Um apagão
Conto, por José Cláudio (Cacá)
"A leitura dos olhos é que guiaram desde sempre os anseios. Então, todo mundo novamente teve que reaprender, assim como as crianças antigamente iam vendo o mundo e perguntando os porquês."
O desastre foi como um terremoto vindo de fora para dentro. A terra não tremeu em seu interior, foi uma espécie de desalinhamento orbital que gerou uma sacudidela muito leve. Mas o suficiente para desorganizar toda a vida da superfície. E o primeiro efeito e o mais visível, paradoxalmente foi a falta de energia. Apagam-se todas as luzes, as transmissões de televisão, rádio e internet. Não há noticias as não ser pelos velhos radinhos de pilha, mesmo assim daquelas emissoras cujos geradores movidos a combustível funcionam. Dá para se ter algumas noticias do mundo. Um apagão geral.
As imagens voltaram a ser mentais norteando os desejos e vontades de todos. O que é visto é cobiçado mais do que qualquer outra sensação humana. As pessoas não estão acostumadas a formar, a idealizar a partir de imagens mentais. A leitura dos olhos é que guiaram desde sempre os anseios. Então, todo mundo novamente teve que reaprender, assim como as crianças antigamente iam vendo o mundo e perguntando os porquês. A visão é dos nossos sentidos, o que mais imediatamente nos privilegiou para a contemplação das coisas. O bombardeio de imagens feitas pelo homem fora do mundo da arte nos turva, nos agride, nos ceifa a capacidade contemplativa. Provoca uma espécie de dormência fazendo o tato e a audição suplantarem o nosso estro criativo. Tudo o que se nos mostra é para aguçar o desejo de possuir a coisa mostrada, ou o que estiver por trás dessa coisa mostrada.
Um cenário de apaziguamento é o que se vê por todos os lados por causa da necessidade que uns passam a ter dos outros. E então os olhares se voltam de pessoa para pessoa. Quantos diálogos olho no olho! Quanta gente reunida em esquinas a ajudando-se mutuamente. Diminuem-se as desavenças, diminui a indiferença, aumenta o potencial humano de todos, pelo menos até voltarem as luzes que devolveriam a artificialidade ao mundo encantado de sons, imagens, anúncios luminosos, dos comerciais, dos vídeos, do sonho dos computadores. Com ela, a costumeira indiferença, o sonho de cada um só, no máximo de algum grupo de afinidades, poucas, é bom salientar. Downloads mentais eram tudo o que estava ao alcance da criação humana. A cópia, por outro lado, não estava ao alcance, que bom! Se nada se criava, nada também se copiava. Mas tudo se transformava diante dos novos olhares. A propaganda toda voltava a ser cinza e com voz chamativa por detrás. Quem queria vender tinha que escrever em papel e usar a fala direta no convencimento. Quem queria se mostrar, tinha que desfilar aos olhos individuais para ser submetido ao crivo dos gostos agora não tão uniformes, não tão manipulados para a formação de um senso comum.

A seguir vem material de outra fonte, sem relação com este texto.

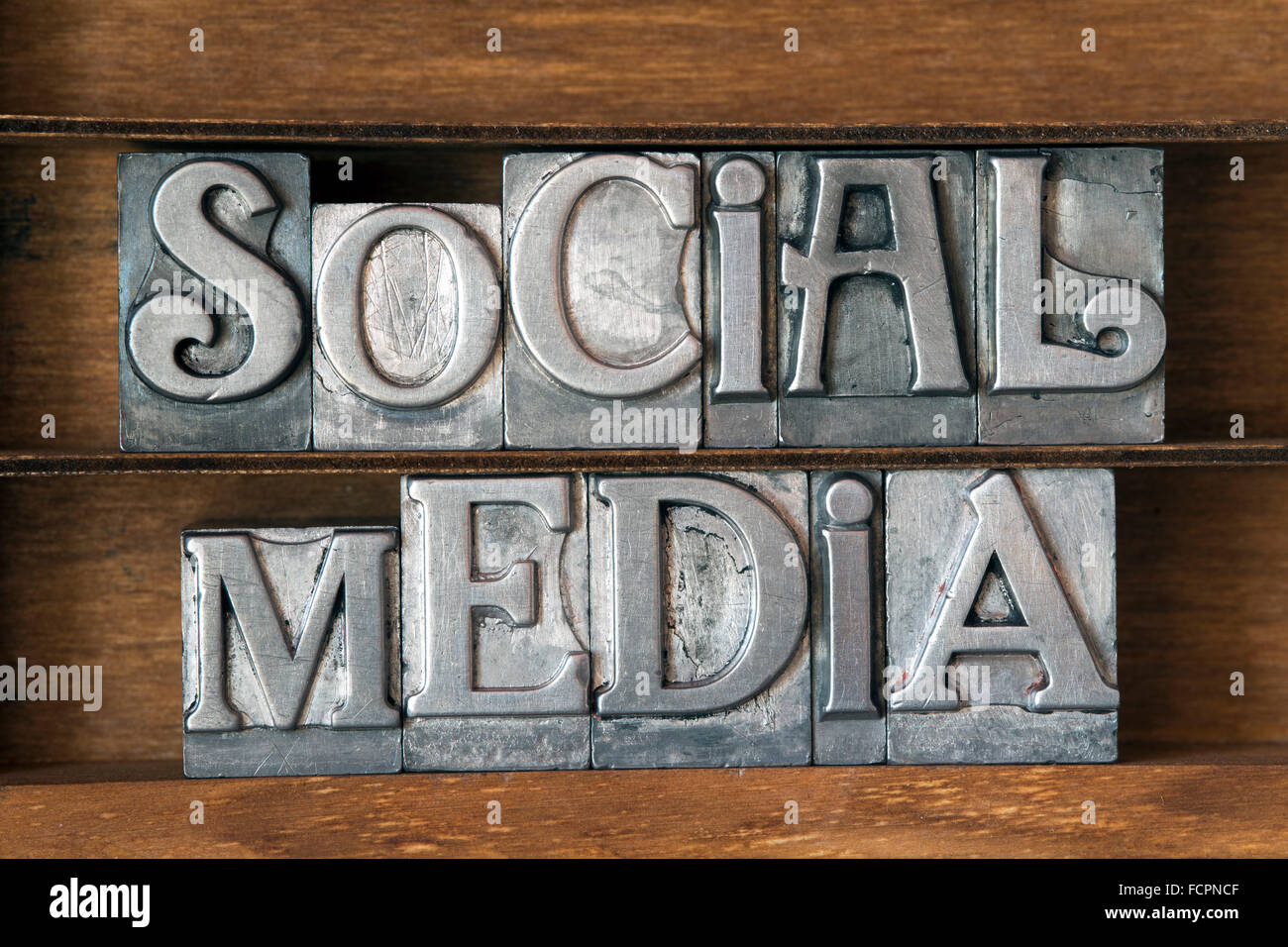 social media phrase made from metallic letterpress type on wooden tray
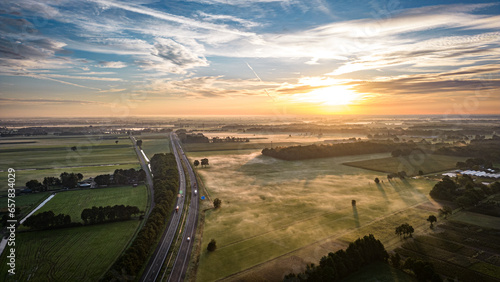 Sunrise over a field and highway
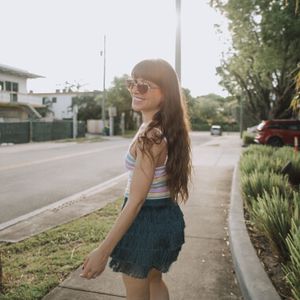 Natasha Williams walking on sidewalk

Então, embora as coisas não pudessem voltar a um primitivismo de ralações, adquiriram um caráter de não-sujeição, uma relativa horizontalidade. Pelo menos até voltar a energia que nos conduz ao que nos coloca limites. É como se voltassem todos a ser crianças, porém sem adultos que desvirtuassem sua imaginação e fantasia e portanto, de criadora de sua própria realidade. Os sentimentos demonstrados pelos gestos pareciam tão espontâneos! É incrível com somos guiados pela sistemática das recompensas. Como passou todo mundo a depender de todo mundo, deu para sentir uma demasiada mostra de humanidade virtuosa em cada um. A luz do dia e a penumbra mal iluminada pelas velas, lanternas e faróis devolveram ao homem a capacidade contemplativa. Com ela veio de volta a tolerância, os significados passaram de objeto para não-coisa, gente.